Mit stolzgeschwellter Brust überreichte ich Maier eine Kopie der Abnahme und erfuhr bei dieser Gelegenheit, daß mir als Honorar 1 Promille der Gesamtsumme zustand.
Das war sehr viel sehr schnell verdientes Geld.
Fast schwoll mir der Kamm
Es war soviel, daß mir der Kamm schwoll und ich mir gleich einen gebrauchten, aber noch gut erhaltenen Sportwagen kaufte.
Es war mein erster Wagen. Ich setzte mich ans Steuer, ließ mich fotografieren und schickte das Bild nach Hause.
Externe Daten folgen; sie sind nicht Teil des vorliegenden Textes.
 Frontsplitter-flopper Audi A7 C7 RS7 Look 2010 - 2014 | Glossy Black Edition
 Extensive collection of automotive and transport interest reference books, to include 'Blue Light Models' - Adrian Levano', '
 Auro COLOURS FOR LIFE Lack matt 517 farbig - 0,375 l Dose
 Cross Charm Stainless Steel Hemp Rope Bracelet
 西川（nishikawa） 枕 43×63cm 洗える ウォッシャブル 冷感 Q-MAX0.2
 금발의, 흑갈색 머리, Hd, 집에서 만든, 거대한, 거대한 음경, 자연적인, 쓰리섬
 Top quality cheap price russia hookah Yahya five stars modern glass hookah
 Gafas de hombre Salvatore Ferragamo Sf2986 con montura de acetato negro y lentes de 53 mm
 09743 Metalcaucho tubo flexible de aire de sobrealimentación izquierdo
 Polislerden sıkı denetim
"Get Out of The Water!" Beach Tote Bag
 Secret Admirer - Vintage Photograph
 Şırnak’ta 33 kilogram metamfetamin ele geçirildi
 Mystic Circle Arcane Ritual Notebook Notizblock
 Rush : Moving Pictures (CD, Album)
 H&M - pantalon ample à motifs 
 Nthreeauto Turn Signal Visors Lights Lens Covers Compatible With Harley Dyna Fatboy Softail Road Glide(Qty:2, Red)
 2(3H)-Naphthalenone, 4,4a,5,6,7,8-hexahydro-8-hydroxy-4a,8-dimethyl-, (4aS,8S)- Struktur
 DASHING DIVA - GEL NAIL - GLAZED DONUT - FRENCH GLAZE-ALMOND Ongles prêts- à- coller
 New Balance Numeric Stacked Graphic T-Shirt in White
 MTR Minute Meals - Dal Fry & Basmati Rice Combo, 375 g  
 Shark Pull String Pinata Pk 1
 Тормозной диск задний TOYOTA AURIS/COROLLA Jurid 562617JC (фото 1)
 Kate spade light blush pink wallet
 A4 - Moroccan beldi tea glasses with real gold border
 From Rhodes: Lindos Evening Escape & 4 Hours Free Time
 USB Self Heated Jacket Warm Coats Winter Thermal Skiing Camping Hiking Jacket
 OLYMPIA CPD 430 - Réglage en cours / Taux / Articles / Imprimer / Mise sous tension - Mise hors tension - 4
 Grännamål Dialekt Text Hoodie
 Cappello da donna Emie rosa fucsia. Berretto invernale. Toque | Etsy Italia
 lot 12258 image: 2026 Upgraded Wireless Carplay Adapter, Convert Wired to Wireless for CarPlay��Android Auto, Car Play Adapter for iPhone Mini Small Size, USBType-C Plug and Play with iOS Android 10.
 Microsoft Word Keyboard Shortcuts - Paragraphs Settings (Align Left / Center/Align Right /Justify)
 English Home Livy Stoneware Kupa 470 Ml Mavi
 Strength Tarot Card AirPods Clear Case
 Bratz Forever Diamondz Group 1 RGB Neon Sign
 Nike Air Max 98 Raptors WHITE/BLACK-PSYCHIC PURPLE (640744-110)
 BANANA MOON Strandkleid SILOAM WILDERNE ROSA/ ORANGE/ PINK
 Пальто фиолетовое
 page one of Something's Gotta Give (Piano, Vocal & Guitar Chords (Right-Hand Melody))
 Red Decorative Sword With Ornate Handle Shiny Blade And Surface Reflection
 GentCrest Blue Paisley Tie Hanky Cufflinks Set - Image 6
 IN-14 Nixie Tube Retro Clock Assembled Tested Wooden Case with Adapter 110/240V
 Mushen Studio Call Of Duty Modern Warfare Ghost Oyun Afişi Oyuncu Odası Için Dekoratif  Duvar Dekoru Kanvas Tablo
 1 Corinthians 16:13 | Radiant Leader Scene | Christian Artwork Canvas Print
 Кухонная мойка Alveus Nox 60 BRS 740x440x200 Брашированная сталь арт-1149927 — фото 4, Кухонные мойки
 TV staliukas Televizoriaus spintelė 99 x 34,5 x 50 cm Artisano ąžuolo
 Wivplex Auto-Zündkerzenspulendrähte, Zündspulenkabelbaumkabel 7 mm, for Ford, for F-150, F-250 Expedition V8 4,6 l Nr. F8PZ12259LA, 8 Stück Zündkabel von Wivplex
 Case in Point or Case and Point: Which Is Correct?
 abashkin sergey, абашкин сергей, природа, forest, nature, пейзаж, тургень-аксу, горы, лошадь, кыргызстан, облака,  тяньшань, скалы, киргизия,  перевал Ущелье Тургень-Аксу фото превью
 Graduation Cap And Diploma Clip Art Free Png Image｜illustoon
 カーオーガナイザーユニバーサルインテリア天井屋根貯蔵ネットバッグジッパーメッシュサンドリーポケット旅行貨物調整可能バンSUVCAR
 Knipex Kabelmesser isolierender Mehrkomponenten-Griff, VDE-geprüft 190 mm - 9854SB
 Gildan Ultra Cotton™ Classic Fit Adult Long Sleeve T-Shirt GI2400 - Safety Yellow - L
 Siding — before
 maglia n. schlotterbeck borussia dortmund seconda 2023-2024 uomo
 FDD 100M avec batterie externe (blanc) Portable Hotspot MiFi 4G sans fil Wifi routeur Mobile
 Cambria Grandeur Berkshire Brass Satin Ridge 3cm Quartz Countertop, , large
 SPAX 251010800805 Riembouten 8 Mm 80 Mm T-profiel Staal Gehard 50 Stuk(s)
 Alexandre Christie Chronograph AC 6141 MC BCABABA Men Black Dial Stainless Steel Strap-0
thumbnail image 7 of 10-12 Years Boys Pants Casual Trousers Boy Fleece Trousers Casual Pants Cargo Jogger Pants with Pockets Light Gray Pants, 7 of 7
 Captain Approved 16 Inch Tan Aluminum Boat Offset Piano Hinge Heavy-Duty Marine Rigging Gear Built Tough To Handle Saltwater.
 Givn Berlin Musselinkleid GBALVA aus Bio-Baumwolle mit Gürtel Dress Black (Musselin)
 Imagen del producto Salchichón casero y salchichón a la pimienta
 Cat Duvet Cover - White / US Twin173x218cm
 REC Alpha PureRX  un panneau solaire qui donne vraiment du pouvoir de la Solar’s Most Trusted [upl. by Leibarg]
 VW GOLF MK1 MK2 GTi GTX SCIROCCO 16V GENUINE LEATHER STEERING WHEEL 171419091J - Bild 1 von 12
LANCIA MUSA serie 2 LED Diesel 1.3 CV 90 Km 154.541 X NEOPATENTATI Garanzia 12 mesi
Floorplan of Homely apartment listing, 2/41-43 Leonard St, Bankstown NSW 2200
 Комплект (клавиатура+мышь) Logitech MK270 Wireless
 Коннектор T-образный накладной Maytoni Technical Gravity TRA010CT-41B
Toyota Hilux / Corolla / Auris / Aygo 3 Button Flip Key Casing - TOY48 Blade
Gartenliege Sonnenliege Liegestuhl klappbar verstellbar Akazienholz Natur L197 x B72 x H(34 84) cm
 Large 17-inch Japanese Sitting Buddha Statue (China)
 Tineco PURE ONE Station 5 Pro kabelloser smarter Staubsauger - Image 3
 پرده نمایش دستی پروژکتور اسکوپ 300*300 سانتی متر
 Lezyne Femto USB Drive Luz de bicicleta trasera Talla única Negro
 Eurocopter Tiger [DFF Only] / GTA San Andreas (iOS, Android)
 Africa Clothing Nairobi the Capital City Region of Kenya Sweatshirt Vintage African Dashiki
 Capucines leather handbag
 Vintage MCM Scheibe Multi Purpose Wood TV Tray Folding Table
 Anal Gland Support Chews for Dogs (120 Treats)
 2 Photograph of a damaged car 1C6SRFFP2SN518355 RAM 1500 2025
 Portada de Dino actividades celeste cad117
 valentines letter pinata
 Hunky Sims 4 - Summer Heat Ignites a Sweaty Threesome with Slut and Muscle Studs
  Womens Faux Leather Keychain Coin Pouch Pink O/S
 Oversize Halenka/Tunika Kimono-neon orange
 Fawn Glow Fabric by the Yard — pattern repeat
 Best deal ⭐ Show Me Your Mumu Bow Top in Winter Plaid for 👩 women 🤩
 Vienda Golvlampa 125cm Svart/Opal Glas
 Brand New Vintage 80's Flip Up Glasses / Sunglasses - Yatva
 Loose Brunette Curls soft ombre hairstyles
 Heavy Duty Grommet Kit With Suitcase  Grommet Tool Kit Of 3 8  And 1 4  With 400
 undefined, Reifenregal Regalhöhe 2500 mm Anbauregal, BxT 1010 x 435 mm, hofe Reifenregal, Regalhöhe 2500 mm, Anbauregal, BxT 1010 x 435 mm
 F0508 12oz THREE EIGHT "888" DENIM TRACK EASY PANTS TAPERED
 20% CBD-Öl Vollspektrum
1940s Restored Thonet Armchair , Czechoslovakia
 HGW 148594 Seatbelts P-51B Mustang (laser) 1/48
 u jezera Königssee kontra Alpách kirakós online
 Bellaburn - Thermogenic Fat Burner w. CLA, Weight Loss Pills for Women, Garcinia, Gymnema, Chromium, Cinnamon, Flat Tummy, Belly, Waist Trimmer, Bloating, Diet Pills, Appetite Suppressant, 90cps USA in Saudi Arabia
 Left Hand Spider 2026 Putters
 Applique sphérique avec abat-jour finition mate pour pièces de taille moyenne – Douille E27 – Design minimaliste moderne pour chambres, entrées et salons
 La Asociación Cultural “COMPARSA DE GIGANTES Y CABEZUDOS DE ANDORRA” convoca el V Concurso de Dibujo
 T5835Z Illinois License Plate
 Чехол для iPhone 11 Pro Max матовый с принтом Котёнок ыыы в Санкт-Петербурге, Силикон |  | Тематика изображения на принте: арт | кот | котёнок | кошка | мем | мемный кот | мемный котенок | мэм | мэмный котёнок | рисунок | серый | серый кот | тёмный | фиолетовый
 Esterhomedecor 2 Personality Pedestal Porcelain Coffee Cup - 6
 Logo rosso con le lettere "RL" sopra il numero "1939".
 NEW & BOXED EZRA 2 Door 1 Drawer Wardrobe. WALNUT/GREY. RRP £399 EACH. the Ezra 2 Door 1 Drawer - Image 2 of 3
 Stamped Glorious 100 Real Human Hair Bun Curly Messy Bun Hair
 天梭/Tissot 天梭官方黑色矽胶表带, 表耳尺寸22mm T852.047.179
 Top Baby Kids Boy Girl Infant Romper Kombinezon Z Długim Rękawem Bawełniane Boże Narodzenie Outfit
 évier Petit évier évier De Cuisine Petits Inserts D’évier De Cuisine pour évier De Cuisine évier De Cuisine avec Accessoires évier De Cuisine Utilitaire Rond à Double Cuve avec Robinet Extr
Zu meiner Verwunderung erhielt ich von Frau Lock eines Tages wieder eine Einladung zu einem Herrenabend mit schlichtem Abendessen.
Diese Herrenabende wurden eine immer wieder anregende Gewohnheit. Schon am zweiten Abend lernte ich in diesem Kreis einen der markantesten Abteilungsleiter der Firma kennen: Dr. W. Kühle.
Wir waren etwa gleichaltrig und freundeten uns an. Eine Verbindung, die in meinem Leben - vor allem während des Zweiten Weltkrieges - noch eine bedeutsame Rolle spielen sollte.